See the following vignette for more information: Running local LD operations

Variant information

Translating between rsids and chromosome:position, while also gettingother information, can be achieved.

The chrpos argument can accept the following

  • <chr>:<position>
  • <chr>:<start>-<end>

For example

a <- variants_chrpos(c("7:105561135-105563135", "10:44865737"))

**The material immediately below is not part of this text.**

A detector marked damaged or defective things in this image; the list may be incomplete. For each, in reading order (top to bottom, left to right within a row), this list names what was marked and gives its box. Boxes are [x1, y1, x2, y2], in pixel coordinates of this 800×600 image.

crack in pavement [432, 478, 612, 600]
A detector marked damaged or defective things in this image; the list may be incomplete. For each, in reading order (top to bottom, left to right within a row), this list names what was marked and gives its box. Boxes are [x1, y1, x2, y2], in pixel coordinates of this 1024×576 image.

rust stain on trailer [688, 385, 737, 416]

This provides a table with dbSNP variant IDs, gene info, and variousother metadata. Similar data can be obtained from searching by rsid

b <- variants_rsid(c("rs234", "rs333"))

And a list of variants within a particular gene region can also befound. Provide a ensembl or entrez gene ID (e.g.ENSG00000123374 or1017) to the following:

c <- variants_gene("ENSG00000123374")

Extracting GWAS summary data based on gene region

Here is an example of how to obtain summary data for some datasetsfor a gene region. As an example, we’ll extract CDK2 (HGNC number 1017)from a BMI dataset (ieu-a-2)

Use the mygenebioconductor package to query the mygene.info API.

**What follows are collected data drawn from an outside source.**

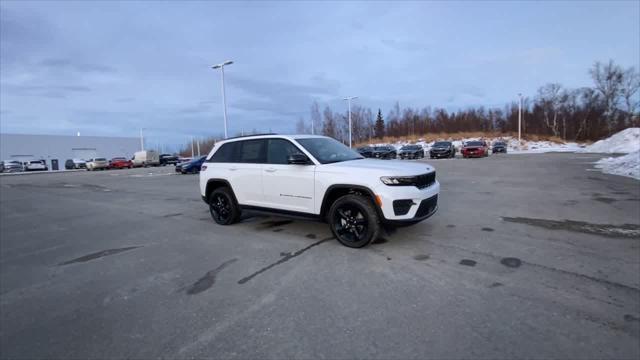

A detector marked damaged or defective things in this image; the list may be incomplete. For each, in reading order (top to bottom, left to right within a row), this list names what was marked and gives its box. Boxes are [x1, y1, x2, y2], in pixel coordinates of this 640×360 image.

crack in asphalt [236, 238, 336, 286]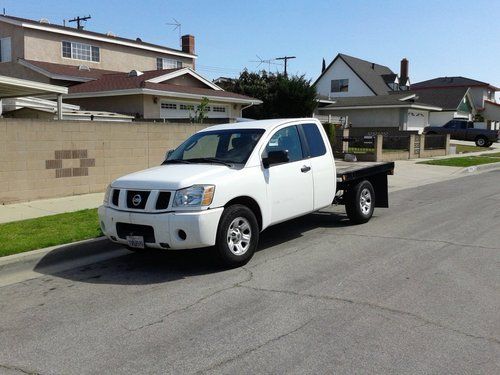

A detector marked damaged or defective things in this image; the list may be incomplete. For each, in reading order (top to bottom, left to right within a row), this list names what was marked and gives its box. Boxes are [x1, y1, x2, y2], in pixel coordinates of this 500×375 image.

road surface crack [123, 268, 252, 334]
road surface crack [195, 318, 312, 374]
road surface crack [238, 284, 500, 346]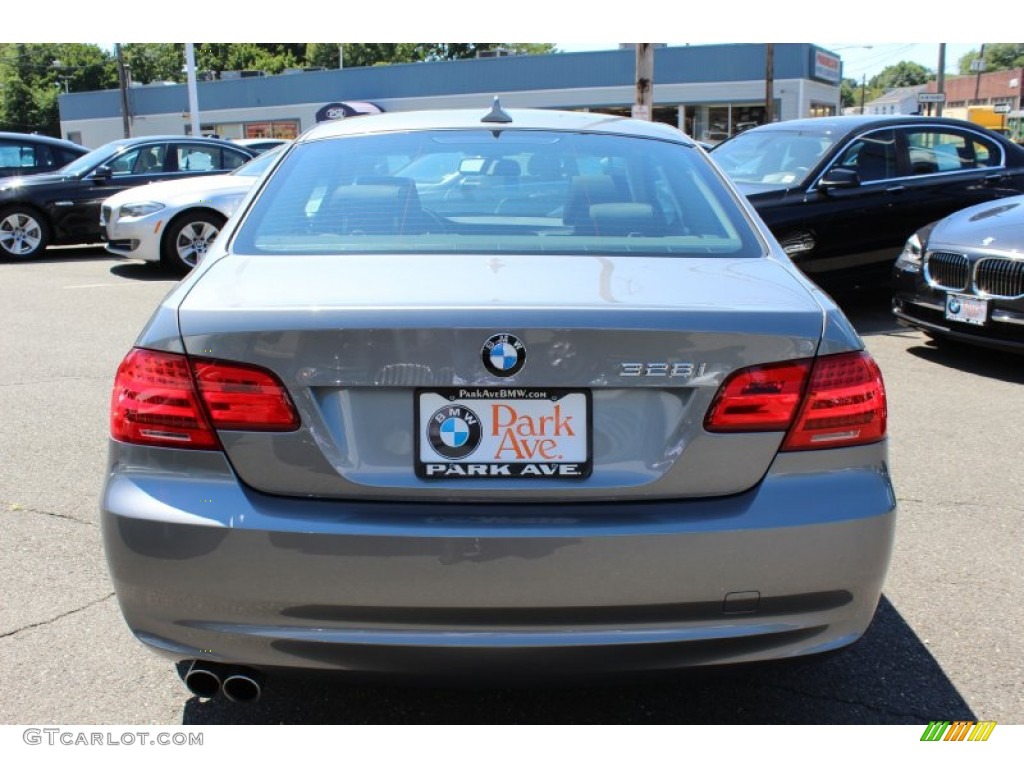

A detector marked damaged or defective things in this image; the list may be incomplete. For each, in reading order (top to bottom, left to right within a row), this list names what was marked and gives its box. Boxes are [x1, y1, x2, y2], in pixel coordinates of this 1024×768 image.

crack in pavement [0, 593, 116, 643]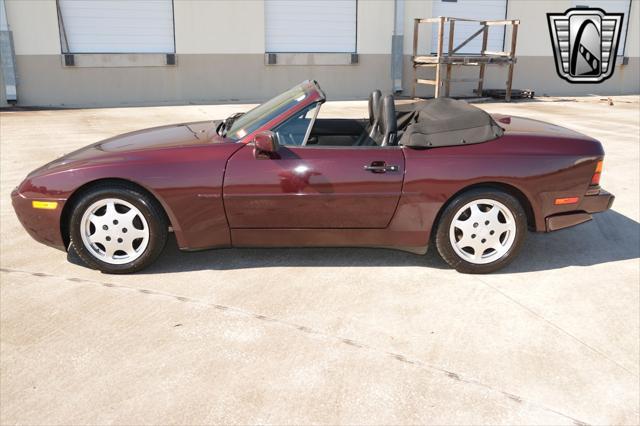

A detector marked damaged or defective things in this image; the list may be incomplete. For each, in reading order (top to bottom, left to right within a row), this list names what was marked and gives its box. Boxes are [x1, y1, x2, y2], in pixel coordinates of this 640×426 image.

pavement crack [3, 268, 596, 424]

library(mygene)a <- mygene::getGene("1017", fields="genomic_pos_hg19")r <- paste0(a[[1]]$genomic_pos_hg19$chr, ":", a[[1]]$genomic_pos_hg19$start, "-", a[[1]]$genomic_pos_hg19$end)b <- ieugwasr::associations(r, "ieu-a-2")

1000 genomes annotations

The OpenGWAS database contains a database of population annotationsfrom the 1000 genomes project - the alternative allele frequencies andthe LD scores for each variant, calculated for each super populationseparately. Only variants are present if they are MAF > 1% in atleast one super population. You can access this info in differentways

  1. Look up a particular set of rsids

    ieugwasr::afl2_rsid(c("rs234", "rs123"))
  2. Look up a set of positions or regions

    ieugwasr::afl2_chrpos("1:100000-900000")
  3. Extract annotations for a list of 20k variants that are common inall super populations, and evenly spaced across the genome

    ieugwasr::afl2_list()
  4. Extract annotations for a 1.3 million HapMap3 variants

    ieugwasr::afl2_list("hapmap3")
  5. Infer the ancestry of a particular study by comparing the allelefrequencies with different super population reference frequencies

    snplist <- ieugwasr::afl2_list()eur_example <- associations(snplist$rsid, "ieu-a-2")ieugwasr::infer_ancestry(eur_example, snplist)eas_example <- associations(snplist$rsid, "bbj-a-10")ieugwasr::infer_ancestry(eur_example, snplist)
Perform fast queries against a massive database of complete GWAS summary data (2024)

References

Top Articles
Latest Posts
Article information

Author: Ray Christiansen

Last Updated:

Views: 6440

Rating: 4.9 / 5 (69 voted)

Reviews: 84% of readers found this page helpful

Author information

Name: Ray Christiansen

Birthday: 1998-05-04

Address: Apt. 814 34339 Sauer Islands, Hirtheville, GA 02446-8771

Phone: +337636892828

Job: Lead Hospitality Designer

Hobby: Urban exploration, Tai chi, Lockpicking, Fashion, Gunsmithing, Pottery, Geocaching

Introduction: My name is Ray Christiansen, I am a fair, good, cute, gentle, vast, glamorous, excited person who loves writing and wants to share my knowledge and understanding with you.